*** Begin section ***
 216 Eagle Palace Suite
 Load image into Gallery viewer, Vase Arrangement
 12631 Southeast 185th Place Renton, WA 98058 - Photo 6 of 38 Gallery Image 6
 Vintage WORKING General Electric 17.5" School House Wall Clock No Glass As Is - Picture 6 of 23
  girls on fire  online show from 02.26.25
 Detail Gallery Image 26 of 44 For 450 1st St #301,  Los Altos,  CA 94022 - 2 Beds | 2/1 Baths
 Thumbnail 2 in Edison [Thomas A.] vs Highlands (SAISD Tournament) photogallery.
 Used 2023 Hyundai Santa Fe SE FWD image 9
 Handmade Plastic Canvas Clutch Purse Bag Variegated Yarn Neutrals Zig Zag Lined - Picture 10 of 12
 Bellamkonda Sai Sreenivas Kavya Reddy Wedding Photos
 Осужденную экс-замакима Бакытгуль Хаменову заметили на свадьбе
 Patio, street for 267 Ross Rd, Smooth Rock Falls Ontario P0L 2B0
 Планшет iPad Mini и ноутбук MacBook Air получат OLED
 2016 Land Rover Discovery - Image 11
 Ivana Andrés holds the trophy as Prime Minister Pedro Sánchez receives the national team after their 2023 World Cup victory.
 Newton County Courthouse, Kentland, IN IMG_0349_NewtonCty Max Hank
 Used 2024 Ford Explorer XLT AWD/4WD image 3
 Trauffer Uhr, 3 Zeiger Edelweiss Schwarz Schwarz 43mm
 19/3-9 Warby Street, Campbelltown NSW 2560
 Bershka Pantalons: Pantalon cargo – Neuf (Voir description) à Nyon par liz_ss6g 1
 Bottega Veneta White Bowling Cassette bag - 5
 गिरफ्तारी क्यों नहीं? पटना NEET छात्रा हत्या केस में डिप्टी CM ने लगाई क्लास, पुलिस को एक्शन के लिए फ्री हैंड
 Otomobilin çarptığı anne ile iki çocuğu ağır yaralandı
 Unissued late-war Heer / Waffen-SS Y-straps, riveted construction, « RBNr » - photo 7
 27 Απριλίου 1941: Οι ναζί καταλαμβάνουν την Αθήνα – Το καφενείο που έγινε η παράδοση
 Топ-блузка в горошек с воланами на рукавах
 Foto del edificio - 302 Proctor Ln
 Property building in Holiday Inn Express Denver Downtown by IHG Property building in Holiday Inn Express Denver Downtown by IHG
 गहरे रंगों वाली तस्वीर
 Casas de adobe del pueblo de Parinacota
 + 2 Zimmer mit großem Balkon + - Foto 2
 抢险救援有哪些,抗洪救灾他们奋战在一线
*** End section ***
§ WHAT YOU SHOULD DO:
Print exactly the lines from the one containing "Осужденную экс-замакима Бакытгуль" through the last line of the records above, both included.

§ ANSWER FOR THIS EXERCISE:
 Осужденную экс-замакима Бакытгуль Хаменову заметили на свадьбе
 Patio, street for 267 Ross Rd, Smooth Rock Falls Ontario P0L 2B0
 Планшет iPad Mini и ноутбук MacBook Air получат OLED
 2016 Land Rover Discovery - Image 11
 Ivana Andrés holds the trophy as Prime Minister Pedro Sánchez receives the national team after their 2023 World Cup victory.
 Newton County Courthouse, Kentland, IN IMG_0349_NewtonCty Max Hank
 Used 2024 Ford Explorer XLT AWD/4WD image 3
 Trauffer Uhr, 3 Zeiger Edelweiss Schwarz Schwarz 43mm
 19/3-9 Warby Street, Campbelltown NSW 2560
 Bershka Pantalons: Pantalon cargo – Neuf (Voir description) à Nyon par liz_ss6g 1
 Bottega Veneta White Bowling Cassette bag - 5
 गिरफ्तारी क्यों नहीं? पटना NEET छात्रा हत्या केस में डिप्टी CM ने लगाई क्लास, पुलिस को एक्शन के लिए फ्री हैंड
 Otomobilin çarptığı anne ile iki çocuğu ağır yaralandı
 Unissued late-war Heer / Waffen-SS Y-straps, riveted construction, « RBNr » - photo 7
 27 Απριλίου 1941: Οι ναζί καταλαμβάνουν την Αθήνα – Το καφενείο που έγινε η παράδοση
 Топ-блузка в горошек с воланами на рукавах
 Foto del edificio - 302 Proctor Ln
 Property building in Holiday Inn Express Denver Downtown by IHG Property building in Holiday Inn Express Denver Downtown by IHG
 गहरे रंगों वाली तस्वीर
 Casas de adobe del pueblo de Parinacota
 + 2 Zimmer mit großem Balkon + - Foto 2
 抢险救援有哪些,抗洪救灾他们奋战在一线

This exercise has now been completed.